Patients with signs of new onset liver affection and/or thyroid dysfunction
Methods:
This is an investigator-initiated, open-label, randomized, non-inferiority trial. This
clinical trial complies with the Declaration of Helsinki, modified in 2013. This study
has been approved by both the ethical committee (H-23010220) and the Knowledge Centre on
Data Protection Compliance in the Capital Region of Denmark (P-2023-111). This trial will
adhere to good clinical practice guidelines (GCP).

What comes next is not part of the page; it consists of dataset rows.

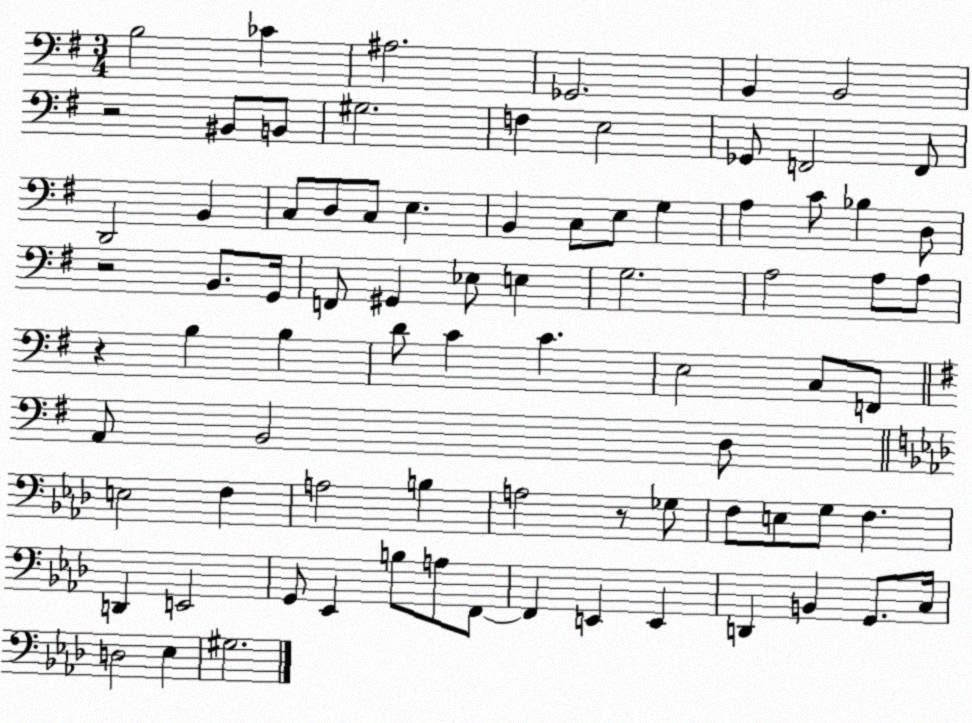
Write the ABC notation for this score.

X:1
T:Untitled
M:3/4
L:1/4
K:G
B,2 _C ^A,2 _G,,2 B,, B,,2 z2 ^B,,/2 B,,/2 ^G,2 F, E,2 _G,,/2 F,,2 F,,/2 D,,2 B,, C,/2 D,/2 C,/2 E, B,, C,/2 E,/2 G, A, C/2 _B, D,/2 z2 B,,/2 G,,/4 F,,/2 ^G,, _E,/2 E, G,2 A,2 A,/2 A,/2 z B, B, D/2 C C E,2 C,/2 F,,/2 A,,/2 B,,2 D,/2 E,2 F, A,2 B, A,2 z/2 _G,/2 F,/2 E,/2 G,/2 F, D,, E,,2 G,,/2 _E,, B,/2 A,/2 F,,/2 F,, E,, E,, D,, B,, G,,/2 C,/4 D,2 _E, ^G,2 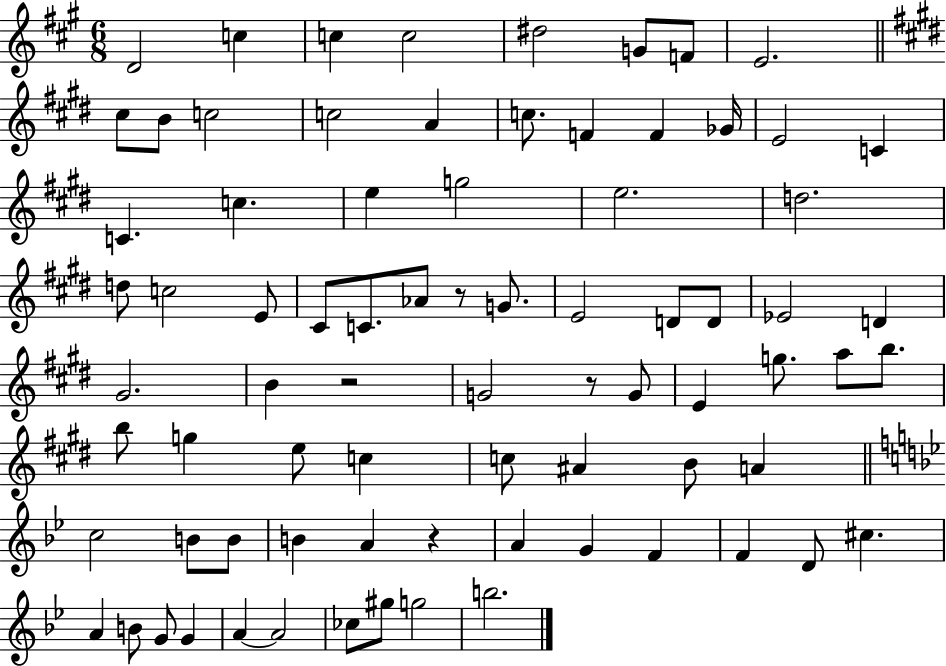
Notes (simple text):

D4/h C5/q C5/q C5/h D#5/h G4/e F4/e E4/h. C#5/e B4/e C5/h C5/h A4/q C5/e. F4/q F4/q Gb4/s E4/h C4/q C4/q. C5/q. E5/q G5/h E5/h. D5/h. D5/e C5/h E4/e C#4/e C4/e. Ab4/e R/e G4/e. E4/h D4/e D4/e Eb4/h D4/q G#4/h. B4/q R/h G4/h R/e G4/e E4/q G5/e. A5/e B5/e. B5/e G5/q E5/e C5/q C5/e A#4/q B4/e A4/q C5/h B4/e B4/e B4/q A4/q R/q A4/q G4/q F4/q F4/q D4/e C#5/q. A4/q B4/e G4/e G4/q A4/q A4/h CES5/e G#5/e G5/h B5/h. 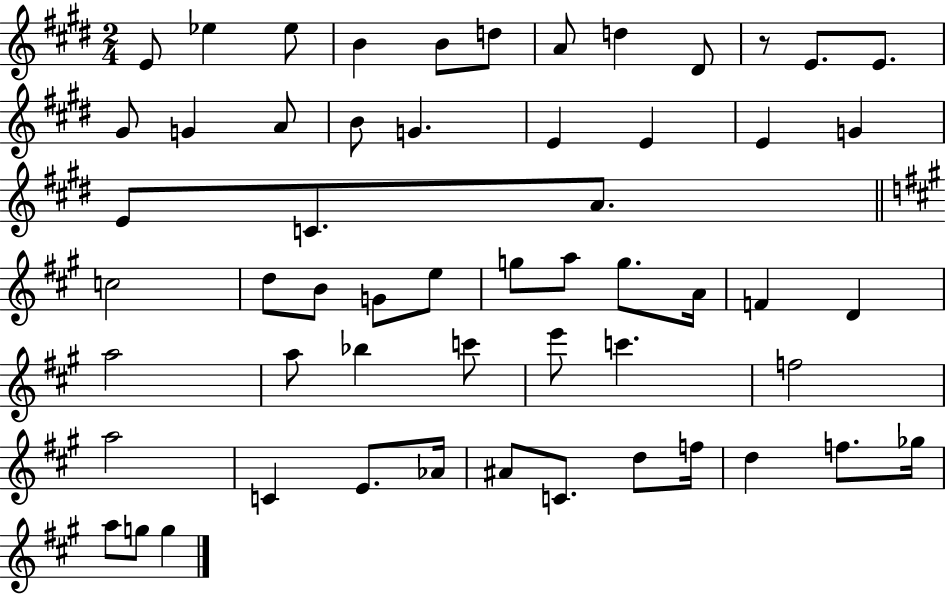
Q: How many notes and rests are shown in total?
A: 56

Patients with HF who are followed in HF clinics on Zealand including the greater
Copenhagen region are screened. This area covers >2 million citizens (approximately 1/3
of all citizens in Denmark). All patients fulfilling criteria for participation will be
invited to participate. HF specialists at each HF clinic will assess eligibility based on
a review of the medical chart and an individual assessment. Patients can be rescreened
for inclusion repeatedly throughout the inclusion period.
Collaborators:
This trial is executed, analyzed and published by the main applicant and nested at
Herlev-Gentofte Hospital. A collaboration between the applicant and heart failure clinics
is pivotal in order to ensure timely inclusion of a generalizable heart failure
population and to swiftly implement the findings into clinical practice.